_Listed records_.
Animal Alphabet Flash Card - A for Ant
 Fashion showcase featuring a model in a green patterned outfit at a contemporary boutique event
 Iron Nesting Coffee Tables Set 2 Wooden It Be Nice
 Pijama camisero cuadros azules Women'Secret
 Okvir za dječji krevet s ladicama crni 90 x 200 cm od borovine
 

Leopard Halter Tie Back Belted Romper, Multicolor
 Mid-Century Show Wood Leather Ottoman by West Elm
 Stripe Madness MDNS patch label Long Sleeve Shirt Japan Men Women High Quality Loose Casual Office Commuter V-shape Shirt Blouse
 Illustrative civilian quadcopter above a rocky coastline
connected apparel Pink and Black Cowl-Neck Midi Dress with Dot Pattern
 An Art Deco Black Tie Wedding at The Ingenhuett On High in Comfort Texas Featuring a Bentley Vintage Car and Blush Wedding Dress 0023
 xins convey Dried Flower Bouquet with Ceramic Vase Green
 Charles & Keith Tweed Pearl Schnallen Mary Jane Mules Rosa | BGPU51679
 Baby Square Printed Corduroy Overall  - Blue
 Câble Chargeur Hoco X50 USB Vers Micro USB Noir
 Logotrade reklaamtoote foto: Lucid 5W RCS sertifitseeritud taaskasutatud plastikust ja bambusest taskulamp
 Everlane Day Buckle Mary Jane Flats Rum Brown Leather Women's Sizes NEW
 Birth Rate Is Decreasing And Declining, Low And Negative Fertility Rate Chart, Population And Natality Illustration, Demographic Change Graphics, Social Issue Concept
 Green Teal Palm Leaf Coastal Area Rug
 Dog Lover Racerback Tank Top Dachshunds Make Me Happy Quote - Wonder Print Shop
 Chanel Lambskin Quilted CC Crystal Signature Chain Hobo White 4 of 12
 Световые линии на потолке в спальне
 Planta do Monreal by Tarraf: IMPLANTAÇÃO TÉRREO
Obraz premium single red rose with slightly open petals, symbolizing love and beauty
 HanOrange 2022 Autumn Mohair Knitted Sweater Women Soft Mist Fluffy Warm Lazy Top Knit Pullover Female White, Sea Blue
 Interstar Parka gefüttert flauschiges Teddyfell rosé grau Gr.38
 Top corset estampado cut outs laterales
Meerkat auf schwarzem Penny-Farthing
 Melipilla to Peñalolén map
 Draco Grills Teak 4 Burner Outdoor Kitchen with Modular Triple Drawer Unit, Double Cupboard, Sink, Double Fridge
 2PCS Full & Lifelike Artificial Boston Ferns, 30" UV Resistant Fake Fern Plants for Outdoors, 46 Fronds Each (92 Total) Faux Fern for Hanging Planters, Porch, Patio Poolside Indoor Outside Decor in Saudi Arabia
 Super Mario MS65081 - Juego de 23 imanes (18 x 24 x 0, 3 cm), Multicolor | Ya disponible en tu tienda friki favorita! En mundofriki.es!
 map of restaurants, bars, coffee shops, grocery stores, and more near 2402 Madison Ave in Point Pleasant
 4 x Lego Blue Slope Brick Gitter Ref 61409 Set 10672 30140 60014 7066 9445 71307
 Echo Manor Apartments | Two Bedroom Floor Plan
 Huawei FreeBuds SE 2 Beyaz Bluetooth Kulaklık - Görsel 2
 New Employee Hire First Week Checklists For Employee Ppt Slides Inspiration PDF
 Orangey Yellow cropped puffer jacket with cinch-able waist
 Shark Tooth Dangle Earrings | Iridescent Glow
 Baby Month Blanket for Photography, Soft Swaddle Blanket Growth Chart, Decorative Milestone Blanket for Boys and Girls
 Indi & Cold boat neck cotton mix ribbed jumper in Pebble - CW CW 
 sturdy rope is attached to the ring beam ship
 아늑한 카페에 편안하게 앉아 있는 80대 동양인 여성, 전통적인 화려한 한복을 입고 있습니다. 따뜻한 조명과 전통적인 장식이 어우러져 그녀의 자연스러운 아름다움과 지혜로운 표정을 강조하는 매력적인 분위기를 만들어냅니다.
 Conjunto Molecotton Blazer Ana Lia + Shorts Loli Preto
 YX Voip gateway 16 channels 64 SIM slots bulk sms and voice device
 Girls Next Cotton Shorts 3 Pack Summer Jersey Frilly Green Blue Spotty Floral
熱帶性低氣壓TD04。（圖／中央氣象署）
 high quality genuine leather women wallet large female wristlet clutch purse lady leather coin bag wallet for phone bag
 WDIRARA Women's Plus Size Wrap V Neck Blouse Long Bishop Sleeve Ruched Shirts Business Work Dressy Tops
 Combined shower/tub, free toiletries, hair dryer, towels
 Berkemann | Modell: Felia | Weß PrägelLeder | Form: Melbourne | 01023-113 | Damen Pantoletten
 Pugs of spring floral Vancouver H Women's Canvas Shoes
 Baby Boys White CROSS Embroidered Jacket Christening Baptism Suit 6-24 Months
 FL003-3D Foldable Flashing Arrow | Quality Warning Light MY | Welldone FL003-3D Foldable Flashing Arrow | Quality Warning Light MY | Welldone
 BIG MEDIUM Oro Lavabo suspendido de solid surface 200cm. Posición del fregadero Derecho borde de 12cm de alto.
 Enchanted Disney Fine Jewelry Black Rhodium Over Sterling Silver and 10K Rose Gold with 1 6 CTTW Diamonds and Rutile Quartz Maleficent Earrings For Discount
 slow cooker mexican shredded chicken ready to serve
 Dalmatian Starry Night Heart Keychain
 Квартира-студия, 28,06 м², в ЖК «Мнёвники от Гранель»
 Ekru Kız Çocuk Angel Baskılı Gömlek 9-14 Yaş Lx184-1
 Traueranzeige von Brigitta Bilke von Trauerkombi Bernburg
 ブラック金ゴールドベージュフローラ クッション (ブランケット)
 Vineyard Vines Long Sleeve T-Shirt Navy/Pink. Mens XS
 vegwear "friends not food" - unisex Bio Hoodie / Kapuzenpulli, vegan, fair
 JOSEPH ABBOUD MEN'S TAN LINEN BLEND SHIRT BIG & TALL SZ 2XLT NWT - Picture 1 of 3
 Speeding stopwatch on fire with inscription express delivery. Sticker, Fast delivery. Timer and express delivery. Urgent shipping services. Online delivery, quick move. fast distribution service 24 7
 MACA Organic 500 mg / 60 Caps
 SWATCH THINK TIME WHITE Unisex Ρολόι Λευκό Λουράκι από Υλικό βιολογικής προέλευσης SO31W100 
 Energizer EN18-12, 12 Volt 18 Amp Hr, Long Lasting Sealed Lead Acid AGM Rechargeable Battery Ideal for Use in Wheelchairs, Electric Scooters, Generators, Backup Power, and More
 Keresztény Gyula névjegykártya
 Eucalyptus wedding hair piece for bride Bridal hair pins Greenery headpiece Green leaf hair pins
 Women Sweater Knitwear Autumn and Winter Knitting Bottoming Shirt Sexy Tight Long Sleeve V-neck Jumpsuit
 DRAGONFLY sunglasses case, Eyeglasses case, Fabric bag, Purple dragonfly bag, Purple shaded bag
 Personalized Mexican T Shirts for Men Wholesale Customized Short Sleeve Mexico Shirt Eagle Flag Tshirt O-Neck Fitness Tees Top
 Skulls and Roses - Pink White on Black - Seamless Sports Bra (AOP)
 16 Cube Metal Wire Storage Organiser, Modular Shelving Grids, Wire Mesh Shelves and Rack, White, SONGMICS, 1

_Brief_.
Nothing but the lines above from the one containing "Energizer EN18-12, 12" through the one containing "Keresztény Gyula névjegykártya" should appear in the answer, each repeated exactly.

_Reply_.
 Energizer EN18-12, 12 Volt 18 Amp Hr, Long Lasting Sealed Lead Acid AGM Rechargeable Battery Ideal for Use in Wheelchairs, Electric Scooters, Generators, Backup Power, and More
 Keresztény Gyula névjegykártya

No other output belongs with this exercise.